Dalam pidato Bung Karno bahwa negara yang didirikan adalah untuk semua rakyat
dari Sabang sampai Merauke. Oleh karena itu rumusan Pancasila menurut Soekarno adalah: 1) Kebangsaan Indonesia/Nasionalisme, 2) Internasionalisme/peri-kemanusiaan, 3) Mufakat/demokrasi, 4) Kesejahteraan Sosial, 5) Ketuhanan; Trisila: 1) Sosio-nasionalisme, 2) Sosio-demokratis, 3) Ke-Tuhanan; Ekasila (Gotong-Royong). "Dasar pertama, yang baik dijadikan dasar buat negara Indonesia, ialah dasar Kebangsaan. Kita mendirikan satu Negara Kebangsaan Indonesia," kata Bung Karno.
Gagasan Bung Karno itu diterima secara aklamasi oleh semua anggota BPUPKI dan membentuk Panitia-Sembilan untuk merumuskan dan menyusun Undang-Undang Dasar terdiri dari Ir. Soekarno, Muhammad Hatta, Mr. A.A Maramis, Abikusno Tjokrokusumo, Abdulkahar Muzakir, Hj. A. Salim, Wahid Hasjim, Achmad Soebardjo dan Muhammad Yamin.
Pada 17 Agustus 1945 Indonesia memproklamirkan kemerdekaannya, kemudian keesokan harinya 18 Agustus 1945 disahkan Undang-Undang Dasar 1945 termasuk Pembukaan UUD 1945 di mana di dalamnya termuat isi rumusan lima prinsip sebagai satu dasar negara yang diberi nama Pancasila.
Sejak itu, "Pancasila" menjadi Dasar Negara Republik Indonesia secara spontan diterima peserta sidang secara bulat oleh Panitia Persiapan Kemerdekaan Indonesia (PPKI) dalam sidangnya 18 Agustus 1945. UUD 1945 terdiri atas Pembukaan UUD 1945, 37 Pasal, 1 aturan Aturan Peralihan yang terdiri atas 4 Pasal dan 1 Aturan Tambahan terdiri atas 2 ayat. Dalam pembukaan UUD 1945 terdiri atas empat alinea tercantum rumusan Pancasila yakni: 1) Ketuhanan Yang Maha Esa, 2) Kemanusiaan yang adil dan beradab, 3) Persatuan Indonesia, 4) Kerakyatan yang dipimpin oleh hikmat kebijaksanaan dalam permusyawaratan/perwakilan, 5) Keadilan bagi seluruh rakyat Indonesia.
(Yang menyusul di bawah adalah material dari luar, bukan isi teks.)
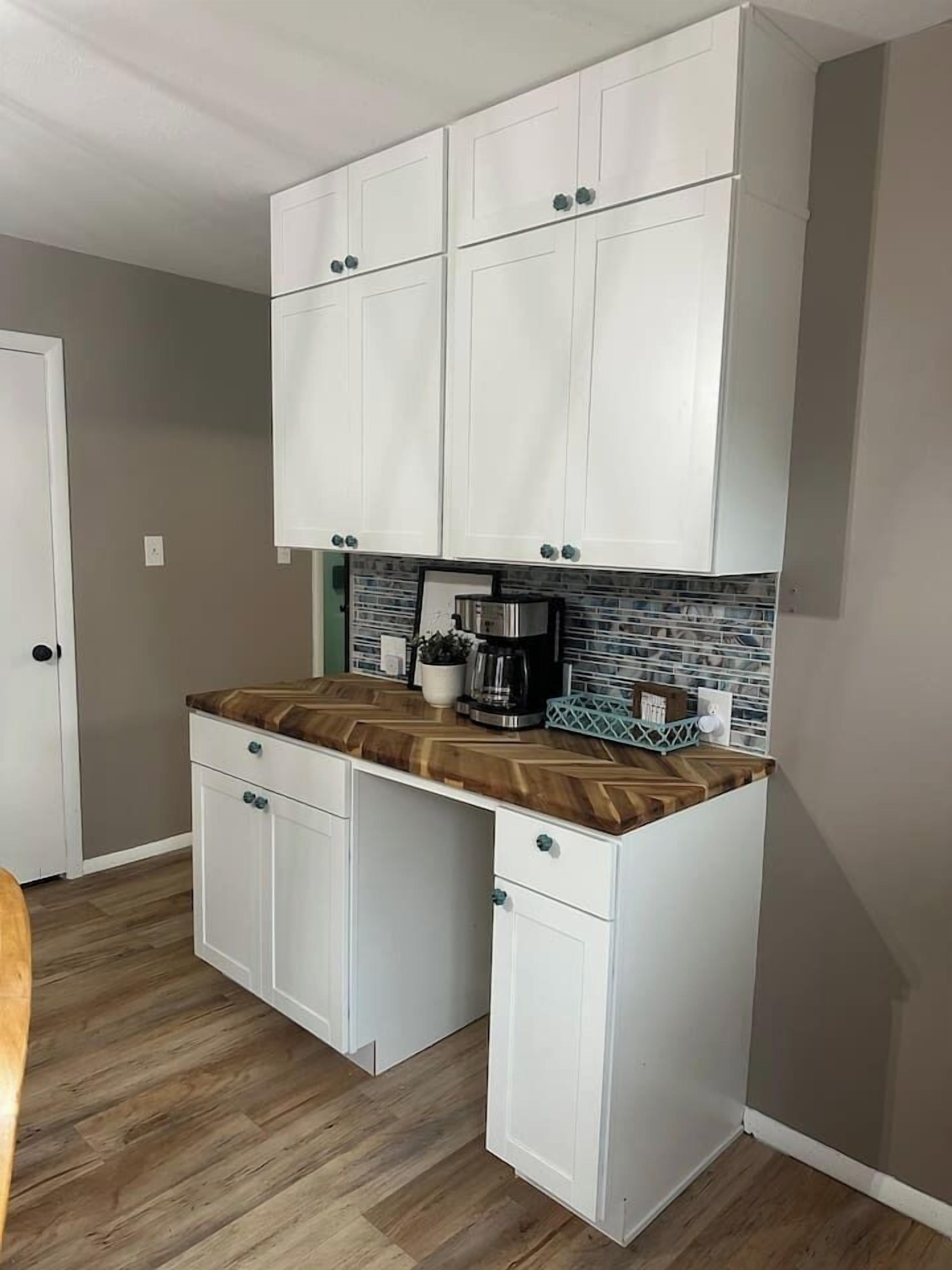 Cocina compacta con armarios blancos, encimera con motivo de espiga y cafetera.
Hakikat, kedudukan dan fungsi Pancasila bila dikaji secara ilmiah memiliki pengertian luas yakni sebagai dasar negara, pandangan hidup bangsa, ideologi bangsa dan negara, kepribadian bangsa. Selain itu, Pancasila merupakan hasil kesepakatan bersama para pendiri bangsa yang disebut sebagai sebuah "Perjanjian Luhur" bangsa Indonesia. Oleh karena itu makna lima sila dalam Pancasila adalah:
Sila Pertama, menuntut setiap warga negara mengakui Tuhan Yang Maha Esa sebagai pencipta dan tujuan akhir, baik dalam hati dan tutur kata maupun dalam tingkah laku sehari-hari. Konsekuensinya adalah Pancasila menuntut umat beragama dan kepercayaan untuk hidup rukun walaupun berbeda keyakinan.
Sila Kedua, mengajak masyarakat untuk mengakui dan memperlakukan setiap orang sebagai sesama manusia yang memiliki martabat mulia serta hak-hak dan kewajiban asasi. Dengan kata lain, ada sikap untuk menjunjung tinggi martabat dan hak-hak asasinya atau bertindak adil dan beradap terhadapnya.